S. van Soest, R.D. Fontijn, H. Pannekoek and A.J.G. Horrevoets.
Department of Biochemistry, AMC, Amsterdam.
Endothelial cells play an important role in the onset and progression of atherosclerosis. Activation of these cells by an atherogenic stimulus induces the expression of cell adhesion molecules like E-selectin and VCAM-1, which results in the recruitment and invasion of monocytes into the vessel wall. The altered properties of activated endothelial cells in a pathogenic condition reflect altered patterns of gene expression. The aim of this study is to identify new genes involved in the response of endothelial cells to atherogenic stimuli.
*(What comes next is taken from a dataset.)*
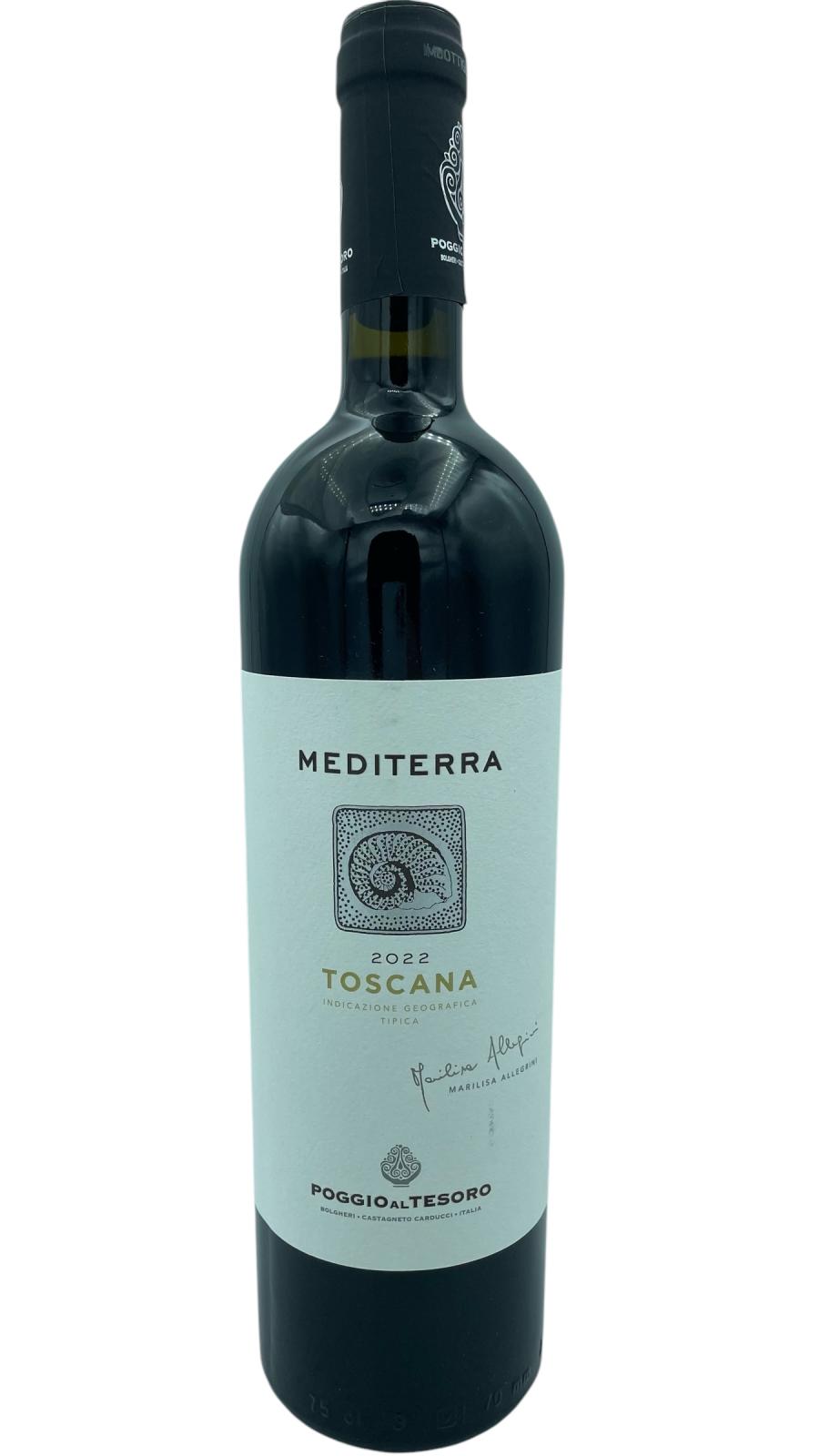 Mediterra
Stimulation of human umbilical vein endothelial cells (HUVEC) with TNFa is used as a model system for activated endothelium. Differential display analysis of stimulated vs. non-stimulated HUVEC yielded 106 differentially expressed gene-fragments (DD-fragments). A number of the DD-fragments represent known genes (22/106) or genes present in the EST databases (38/106). The remaining DD-fragments (48/106) represent currently unknown genes. Considering the size of the obtained set of candidate genes we chose to implement the microarray technology in order to analyze the expression profile of all DD-fragments simultaneously.
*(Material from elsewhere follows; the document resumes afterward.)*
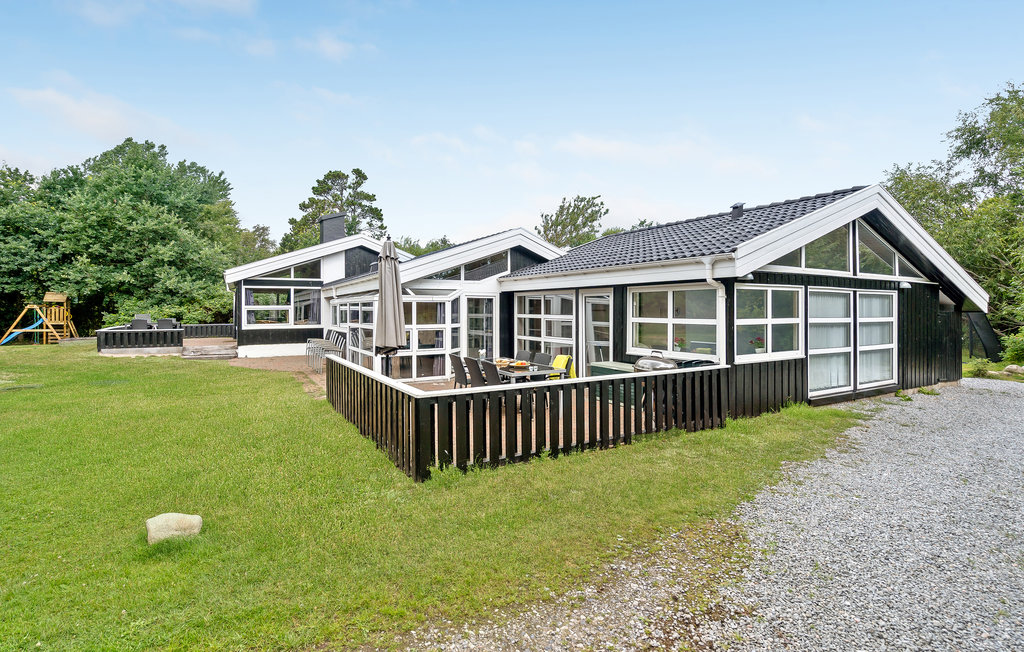 Feriehuse - Bratten Strand , Danmark - A20777 12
A microarray was constructed that contains the DD-fragments and ESTs, as well as a number of genes with an established role in vascular pathology, and housekeeping genes to be used for standardization. The gene fragments were PCR amplified and printed onto glass slides, which were subsequently hybridized with fluorescently labeled cDNA probes generated by reverse transcription of total mRNA. Direct comparison of the expression profiles of stimulated and non-stimulated cells was accomplished by simultaneous hybridization with two probes, labeled with different fluorophores. Quantification and analysis of the first results confirmed the differential expression of a number of control genes, e.g. MnSOD and ICAM, demonstrating the feasibility of this approach, as well as several new genes.
Similar results were obtained with probes generated from T7-amplified RNA.
With the chosen set-up, combining Differential Display with microarray analysis, we obtained a flexible and efficient screening method for the identification of differentially expressed genes. The synthesis of amplified RNA from minute amounts of mRNA, will enable us to analyze the expression of the whole set of “atherosclerotic” genes simultaneously in minute amounts of human vascular tissue material, providing a link to the in vivo situation.